* **Try it**
In the entries below, find the line with "Hello, you are" and the line with "How you doing". Repeat exactly everything between them, those two lines included, but not the pictures.

* **Given data**
========================

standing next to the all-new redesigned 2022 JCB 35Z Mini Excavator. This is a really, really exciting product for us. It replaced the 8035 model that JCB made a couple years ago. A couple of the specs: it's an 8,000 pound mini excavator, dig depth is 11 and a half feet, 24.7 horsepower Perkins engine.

========================

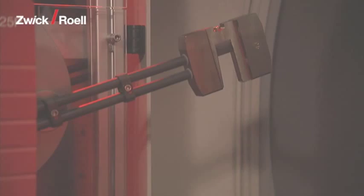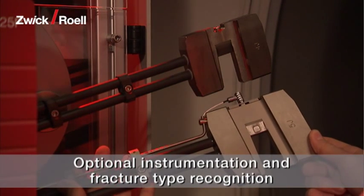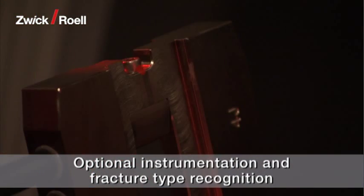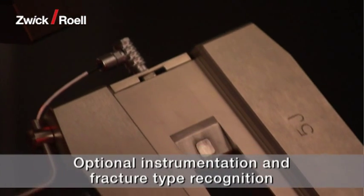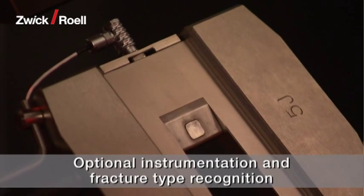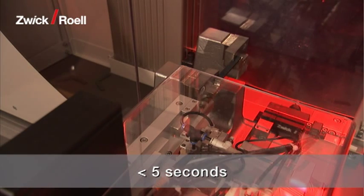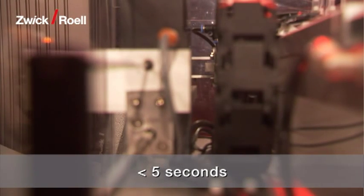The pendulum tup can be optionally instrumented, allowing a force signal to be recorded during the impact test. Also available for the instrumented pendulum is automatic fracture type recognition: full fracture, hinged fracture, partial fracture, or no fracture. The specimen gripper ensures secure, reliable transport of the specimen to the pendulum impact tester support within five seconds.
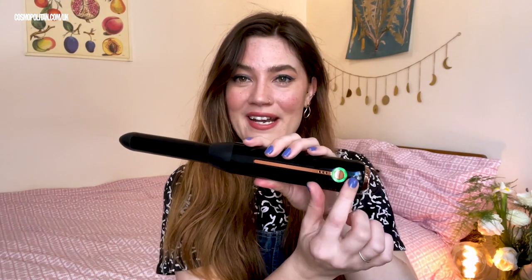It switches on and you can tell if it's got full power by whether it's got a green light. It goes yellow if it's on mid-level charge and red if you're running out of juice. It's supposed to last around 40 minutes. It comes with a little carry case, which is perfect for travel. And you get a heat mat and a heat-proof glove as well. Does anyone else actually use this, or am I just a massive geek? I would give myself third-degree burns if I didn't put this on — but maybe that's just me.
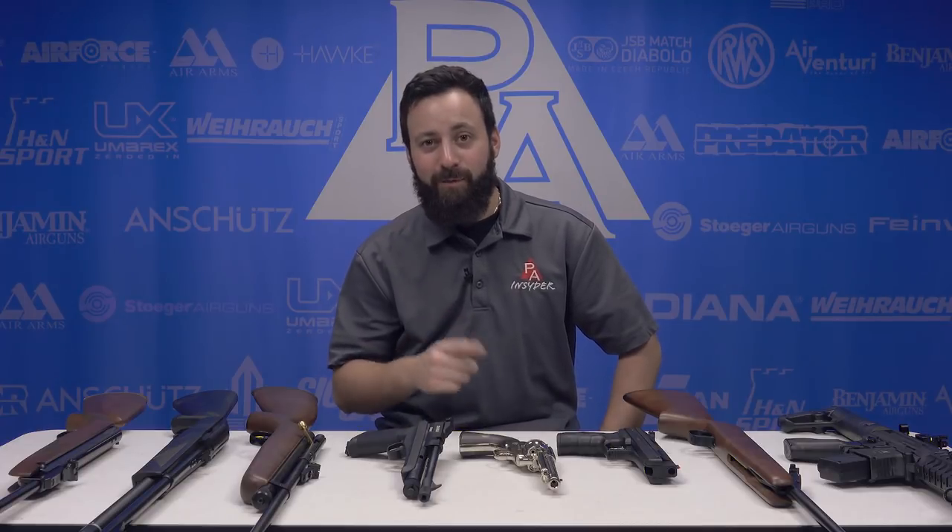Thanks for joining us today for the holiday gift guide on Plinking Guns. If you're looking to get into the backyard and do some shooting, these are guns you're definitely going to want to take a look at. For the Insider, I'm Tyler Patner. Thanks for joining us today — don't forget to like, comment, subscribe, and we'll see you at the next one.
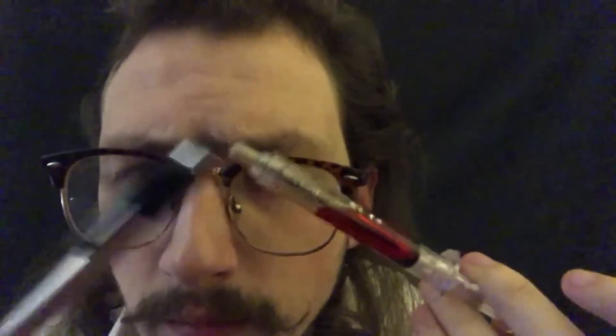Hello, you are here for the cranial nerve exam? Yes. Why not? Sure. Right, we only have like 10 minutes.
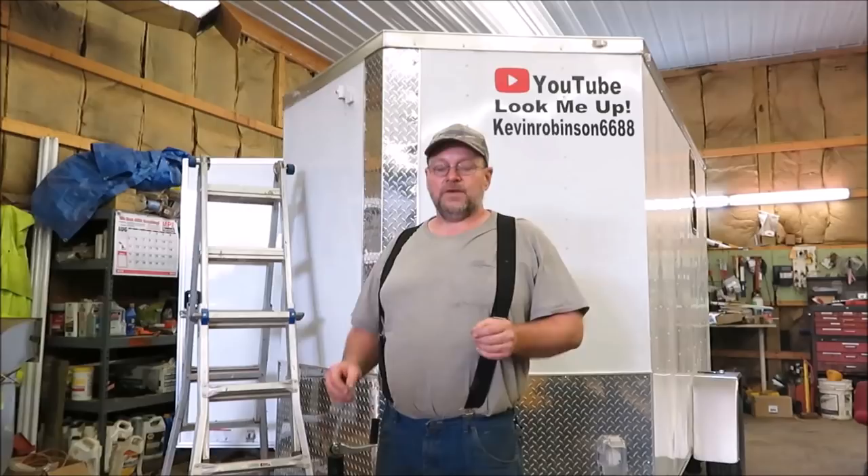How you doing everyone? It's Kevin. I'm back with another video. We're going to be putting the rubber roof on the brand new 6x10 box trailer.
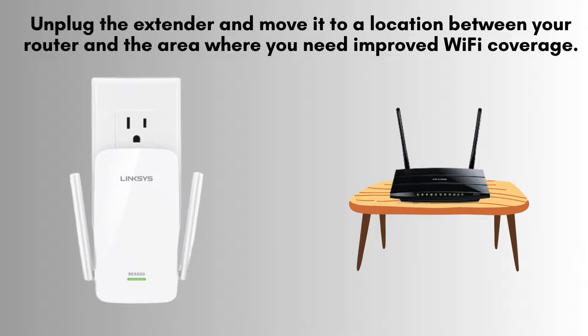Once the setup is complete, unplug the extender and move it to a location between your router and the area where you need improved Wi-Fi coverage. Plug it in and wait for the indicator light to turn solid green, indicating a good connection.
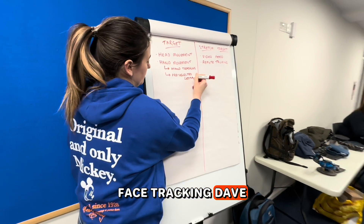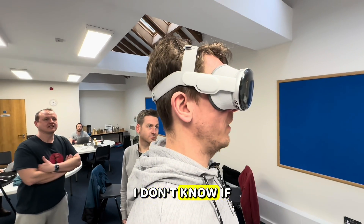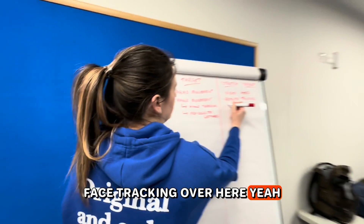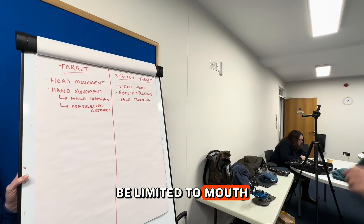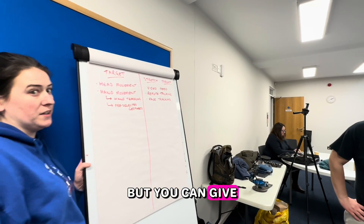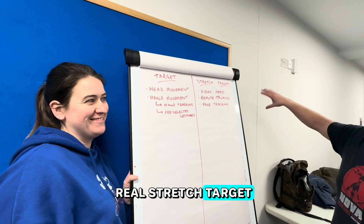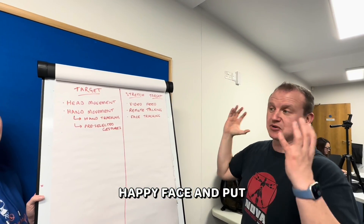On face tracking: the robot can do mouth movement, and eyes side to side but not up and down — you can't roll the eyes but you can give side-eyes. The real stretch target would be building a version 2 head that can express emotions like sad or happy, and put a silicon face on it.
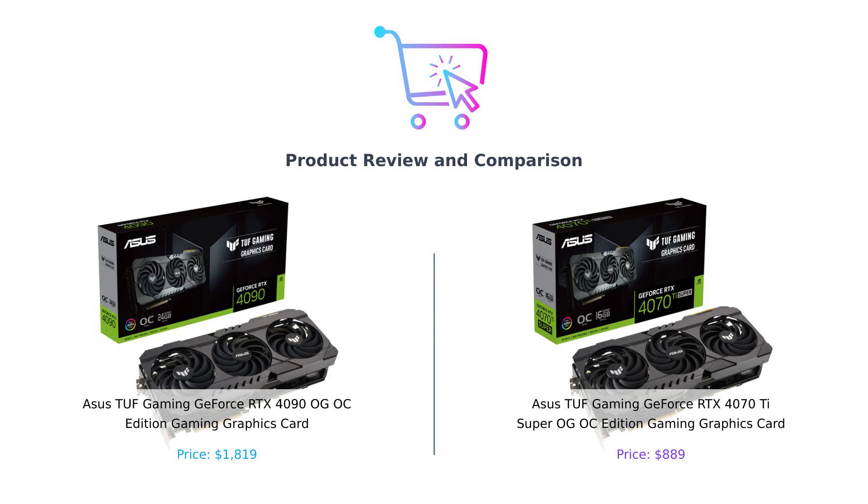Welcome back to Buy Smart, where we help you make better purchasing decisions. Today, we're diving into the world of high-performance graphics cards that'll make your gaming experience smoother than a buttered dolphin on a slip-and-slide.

========================

* **Result of this task**
Hello, you are here for the cranial nerve exam? Yes. Why not? Sure. Right, we only have like 10 minutes.
How you doing everyone? It's Kevin. I'm back with another video. We're going to be putting the rubber roof on the brand new 6x10 box trailer.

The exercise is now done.